WHAT YOU NEED TO DO: Print, exactly as they stand, the lines below from the one that has "The next value" to the one that has "Here I am showing", inclusive, leaving out the pictures.

RECORDED DATA:
━━━━━━━━
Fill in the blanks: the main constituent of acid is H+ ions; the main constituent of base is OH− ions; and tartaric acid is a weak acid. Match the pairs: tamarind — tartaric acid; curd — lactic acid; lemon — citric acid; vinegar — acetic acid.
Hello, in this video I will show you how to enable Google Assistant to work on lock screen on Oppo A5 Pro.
━━━━━━━━
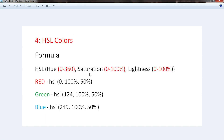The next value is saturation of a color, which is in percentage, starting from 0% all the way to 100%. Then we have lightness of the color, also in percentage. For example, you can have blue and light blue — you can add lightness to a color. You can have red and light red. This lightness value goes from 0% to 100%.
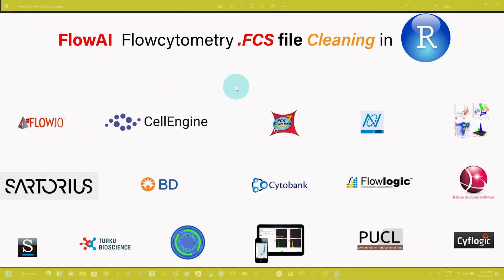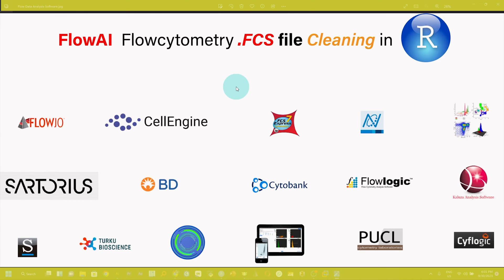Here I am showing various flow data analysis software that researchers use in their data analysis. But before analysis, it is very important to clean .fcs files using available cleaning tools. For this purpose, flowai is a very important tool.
━━━━━━━━
ANSWER BELOW:
The next value is saturation of a color, which is in percentage, starting from 0% all the way to 100%. Then we have lightness of the color, also in percentage. For example, you can have blue and light blue — you can add lightness to a color. You can have red and light red. This lightness value goes from 0% to 100%.
Here I am showing various flow data analysis software that researchers use in their data analysis. But before analysis, it is very important to clean .fcs files using available cleaning tools. For this purpose, flowai is a very important tool.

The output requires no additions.